8) Financial Information. Section 718.111(14) provides that for condominium associations, and Section 719.104(3)(b) provides for cooperative associations a change in financial reporting. For associations with over fifty units, which have not been turned over by the developer, but which have been in operation for two years, non-developer owners shall determine whether the association shall prepare and disseminate appropriate financial statements. This provision should encourage proper record keeping and payments by developers.

Sections 718.111(13) and 719.104(3)(a) require condominium and cooperative associations to furnish financial reports to the Division of Land Sales when the report is furnished to members. Section 719.104(3)(b) allows for regulations permitting cooperatives with more than fifty units to provide members financial statements in lieu of a report, and to permit members to waive certain accounting requirements.

9) Fund Accounts. Sections 718.111(15) and 719.104(7) requires condominium and cooperative association funds to be maintained in accounts in the association's name. Reserve and operating funds may be commingled for investments purposes only, but separate ledgers must be maintained. Accounts in the names of others, such as management companies or bookkeepers are prohibited. These provisions are intended to provide owners added financial protection by requiring basic bookkeeping safeguards.

10) Proxies. Sections 718.111(2)(b)(2) and 709.106(b)(2) prohibits condominium and cooperative associations from using proxies other than limited proxies approved by the Division of Land Sales. Proxies may not be utilized for elections. Limited proxies may be utilized for most other matters. These provisions will require considerable advance planning for elections, and will encourage associations to disseminate as much information as possible about elections before a meeting to ensure an educated electorate.

For associations with twenty-five or fewer units, this provision may be overridden by a bylaw amendment approved by a two-thirds vote of the members. This amendment does not affect timeshare condominiums. Effective January 1, 1992.

11) Directors and Committee Meetings Procedures. Sections 718.112(c) and 719.106(c) require condominium and cooperative association directors' and committee meetings to be open to all unit owners, and provides that owners may tape record and videotape meetings. Meeting notices including specific agenda items must be posted in a conspicuous location at least forty-eight continuous hours before a meeting. Notices of meetings at which non-emergency special assessments and rule amendments are to be considered must be mailed or delivered to owners no less than fourteen days prior to the meeting at which such assessments and rules are to be considered.

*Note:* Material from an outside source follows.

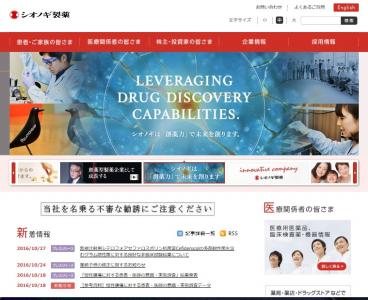 塩野義製薬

Emergency matters may be added to the agenda at a directors' meeting by a vote of a majority of directors, plus one. Emergency action must be ratified at the next directors' meeting, after proper notice. There is no definition provided for what is an "emergency"; however, common sense would generally require that an emergency would be a situation requiring immediate action to avoid a loss, or to take advantage of an opportunity.

Associations are required to adopt a rule designating a specific location on the condominium property for the posting of notices of board meetings. Owners may speak at meetings concerning all designated agenda items; however, the association may adopt rules concerning the frequency, duration and manner of unit owners participation. These provisions apply very strict guidelines for the conduct of association meetings. Failure to comply with these provisions may invalidate association decisions. To ensure that association meetings are run with the least amount of controversy and disturbance, associations are urged to immediately consider rules concerning unit owner participation and the posting of notices.

12) Members' Meetings. Sections 718.112(2)(d) and 719.106(1)(d) requires that notices of condominium and cooperative association members' meetings identify separate agenda items. The notice must be posted continuously on association property at least fourteen days before a meeting at a location designated by an association rule, unless in a condominium there is no suitable location for posting.

13) Elections. Sections 718.112(2)(d)(3) and 719.106(1)(d)1 require that condominium and cooperative member voting occur by a written ballot or a voting machine. For associations with twenty-five or fewer units, this provision may be defeated by a bylaw amendment approved by a two-thirds vote. At least sixty days before an election, an association must provide a notice of the election to all owners. Five days after the deadline for a candidate to be nominated, the association directors must meet to accept other nominations.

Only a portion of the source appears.